There aren’t a lot of changes in 5.5 when it comes to vSphere High Availability aka HA, but one is worth noting. As most of you are probably aware of, vSphere HA in the past did nothing with VM to VM Affinity or Anti Affinity rules. Typically for people using “affinity” rules this was not an issue, but those using “anti-affinity” rules did see this as an issue. They created these rules to ensure specific virtual machines would never be running on the same host, but vSphere HA would simply ignore the rule when a failure had occurred and just place the VMs “randomly”. With vSphere 5.5 this has changed! vSphere HA is now “anti affinity” aware.
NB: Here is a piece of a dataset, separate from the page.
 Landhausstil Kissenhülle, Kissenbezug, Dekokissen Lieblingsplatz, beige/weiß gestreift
In order to ensure anti-affinity rules are respected you will need to set an advanced setting:
das.respectVmVmAntiAffinityRules - Values: "false" (default) and "true"
Now note that this also means that when you configure anti-affinity rules and have this advanced setting configured to “true” and somehow there aren’t sufficient hosts available to respect these rules… then rules will be respected and it could result in HA not restarting a VM. Make sure to understand this potential impact when configuring this setting and configuring these rules.
James Hess says
“then rules will be respected and it could result in HA not restarting a VM. Make sure to understand this potential impact when configuring this setting and configuring these rules.”
Seriously?
I want anti-affinity rules to be respected after a failover, but I also want the rule to be superceded if there is no way the hosts that remain online can still implement the rule.
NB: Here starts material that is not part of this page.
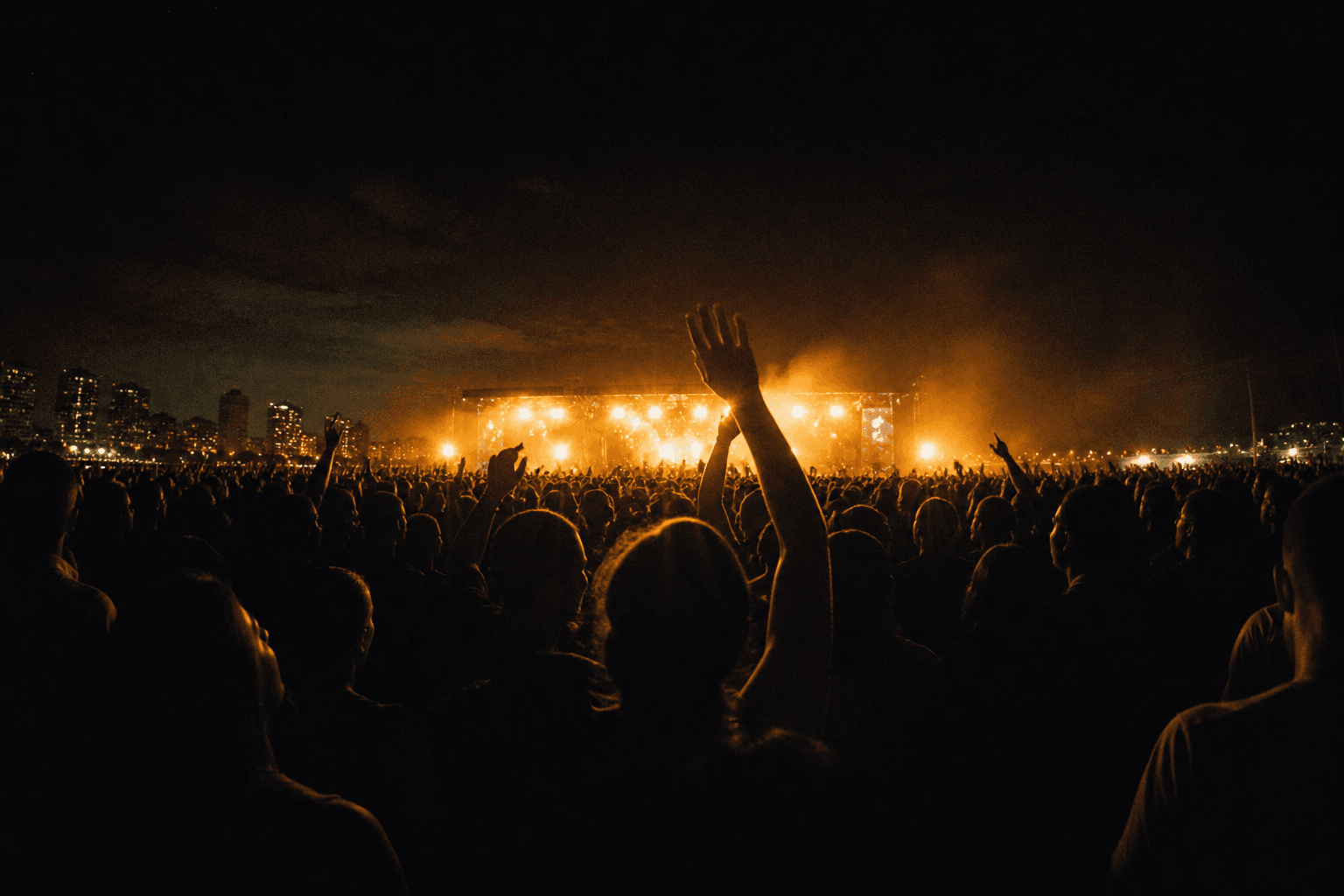 Evento nocturno con crowd y luces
The improvement doesn’t seem very useful; if they have inserted such a major drawback into it, that the affinity rules are now treated as hard constraints for purposes of HA.
Is it too much to ask to have HA respect soft constraints when possible, without compromising the purpose of HA?
Duncan says
DRS fixes those violates affinity rules within minutes, so you more or less have that today.
John Nicholson says
Problem is if Oracle See’s a CPU ID I have to license it….
James Hess says
“DRS fixes those violates affinity rules within minutes, so you more or less have that today.”
I used to think that: before I virtualized vCenter and stacked 400 VMs on the same 3-node cluster that vCenter is virtualized under. DRS definitely fixes affinity rule violations, eventually; after HA restarts the SQL server and vCenter server: it still sometimes takes a bit longer than 20 minutes all in all, and in the event that vCenter doesn’t recover properly after the crash, or for some reason HA doesn’t fail it over quickly — the cluster gets stuck with suboptimal VM placement in disagreement with affinity rules.
Although the bigger concern is temporary memory pressure after the HA event, before workloads get balanced on the remaining active hosts —- the HA failover doesn’t seem to put VMs in an optimal place; there are plenty of improvements VMware could make here…. as in, making DRS more resilient against vCenter failures.
Eric Gray says
Excellent – 400 VMs on a 3-node cluster!
Duncan says
I would argue that your scenario is pretty corner case. Not many customers run 400 VMs including VC on just 3 nodes.
Anyway, I had already asked the HA team to consider this being “preferential” instead of “mandatory”, hopefully they can sneak that in at some point.
Eduardo says
Hi Duncan,
I assume that ForceAffinePoweron still in place and required if I want to guarantee mys rules when powering on a VM, not by HA, right ?
thanks a lot.
Edu
Vaibhav says
Hi Duncan,
Will you be releasing VMware vSphere 5.5 Clustering Deepdive ?
Thanks
Mike says
I’d love to know this as well. I am currently working on my VCAP-DCA and about to read 5.1 again – would be nice to have 5.5 in the pipeline though 🙂
Peter Van Lone says
ditto – looking forward to the 5.5 HA deep dive!